Data science can significantly increase the impact of development programmes simply by optimising them.Two good examples of that are provided by our partners PIVOT in Madagascar and SOIL in Haiti.
Data science is increasingly being used in development contexts to generate predictions or build models that are deployed by aid organisations to support effective strategy deployment. But analytics can also be used to significantly increase the impact of development programmes simply by optimising them.
Two good examples of how data science can be used for “optimisation” are provided by our partners PIVOT in Madagascar and SOIL in Haiti.
MAPPING THE SHORTEST ROUTES TO CARE
Madagascar conjures up images of lush rainforests, ancient baobab trees and ring-tailed lemurs. But the same stunning geography responsible for this unparalleled beauty also means more than three-quarters of the population are isolated in remote villages, far from services such as those offered at formal health clinics and hospitals, which can often only be reached by traveling for hours or days on foot or motorbike. Geography is in fact one of the most challenging barriers to achieving universal healthcare in the country, with the physical distance from a medical facility, roughness of the terrain and frequently impassable waterways determining whether a pregnant woman attends pre-natal check-ups or a child with severe malaria receives treatment. It’s a phenomenon known as “distance decay”.
Since 2014, PIVOT has been working in partnership with Madagascar’s Ministry of Public Health to transform a single rural district of approximately 200,000 people into a model of universal health coverage that can be replicated and scaled nationally. From the beginning, it was clear that “distance decay” and geographical access to care were substantial obstacles to any intervention aiming to improve health outcomes.
To tackle it, Dr. Felana Ihantamala, a Harvard Medical School health geographer and PIVOT researcher, worked for months to develop precise, context-specific estimates of geographical access to care points in Ifanadiana District. Her team mapped over 100,000 buildings, 13,000 hectares of rice paddies, 5,000 residential areas and a network of nearly 23,000 km of footpaths on OpenStreetMap. These data were collated with over 300,000 patient records. Travel speed models incorporating elevation and rainfall data were created and calibrated using GPS field data, identifying the shortest walking routes to seek care. Then the geographical accessibility results were integrated with service utilization and population health data in an e-health platform that provides PIVOT staff and other local health actors with accurate estimates of the shortest distance and travel time between virtually any two points in the district, together with key information for health programme planning and implementation, such as the areas with the lowest healthcare access.
As PIVOT’s Scientific Director Matt Bonds explains: “Dr. Ihantamalala’s work has enabled us to go deep - beyond the formal health system - providing us with what we need most: an understanding of what isn’t working, so it can be fixed.”
MASTERING HAITI'S URBAN MAZE
SOIL works in Haiti to provide affordable household sanitation services to families living in some of the island’s poorest urban communities. Its social business model involves providing affordable container-based toilets and related waste treatment services to urban communities, including the weekly collection of waste containers and the conversion of the waste into compost.
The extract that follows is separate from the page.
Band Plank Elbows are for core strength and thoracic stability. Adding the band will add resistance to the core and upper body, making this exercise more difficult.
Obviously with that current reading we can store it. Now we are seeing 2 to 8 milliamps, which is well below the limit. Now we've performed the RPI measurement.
Historically, collectors had always relied on memory, local knowledge and increased familiarity through regular collection rounds to find their way between households and make their pickups. However, with the steady increase in customer networks being served, any reduction in fuel, time or distance has become key to increased efficiency.
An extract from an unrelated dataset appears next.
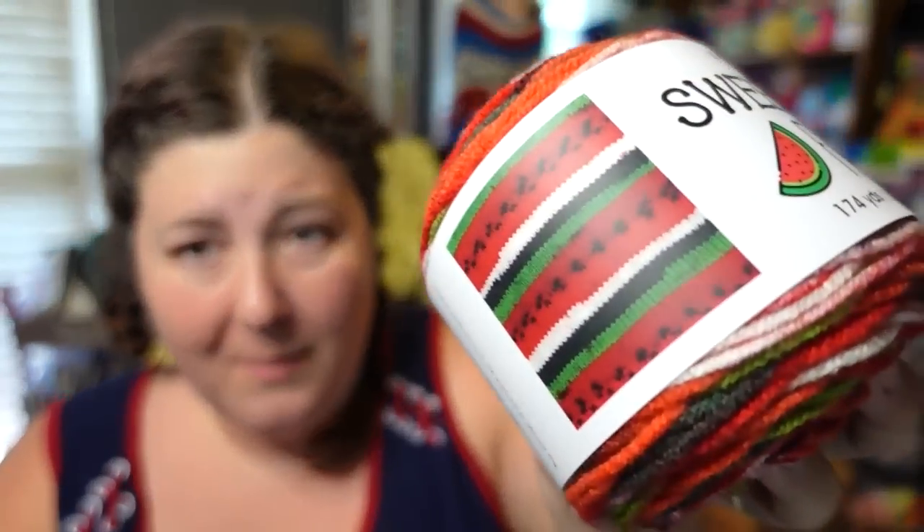Stay tuned for the tutorial. This yarn will be linked below if you want to purchase some. You don't have to make a watermelon bag — you can use the blueberry, the dragon fruit, or the banana. The banana would be super cute because it has little seeds in there too; you just have to color control it, and I show you how to do that in this tutorial. So let's stop talking and get to the tutorial.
SOIL consequently needed to answer two questions: Firstly, given that its fleet of vehicles mostly comprises three- and four-wheeled mini trucks with limited capacity, what were the fewest trips needed to serve all SOIL’s customers when the number of containers could vary from household to household? And secondly, what was the most efficient route for each of those trips and how could they be mapped?
Working with DataKind data scientists, SOIL built an optimisation algorithm and leveraged open-source tools like OpenStreetMap, the Open Source Routing Machine and Google-Or Tools to generate optimised vehicle routes that take different road conditions and vehicle types into account.
SOIL collectors can now load simple web maps onto an offline app (that can be used in the field) on their mobile devices showing customer zones and all of their routes. Each map shows the turn-by-turn collection route that every vehicle needs to complete to visit all its planned customers for that day.
According to SOIL’s Director of Research and Innovation, Erica Lloyd, “understanding our container data has allowed us to hit as many households as possible in as efficient a way as possible, so we’re making sure that our vehicles are always coming back full.”
As a result, SOIL expects to cut its collection mileage and fuel use considerably. Indeed it has already achieved a 5% reduction in route distance since the maps have been used. Such efficiencies are essential to SOIL’s service expansion in the coming years.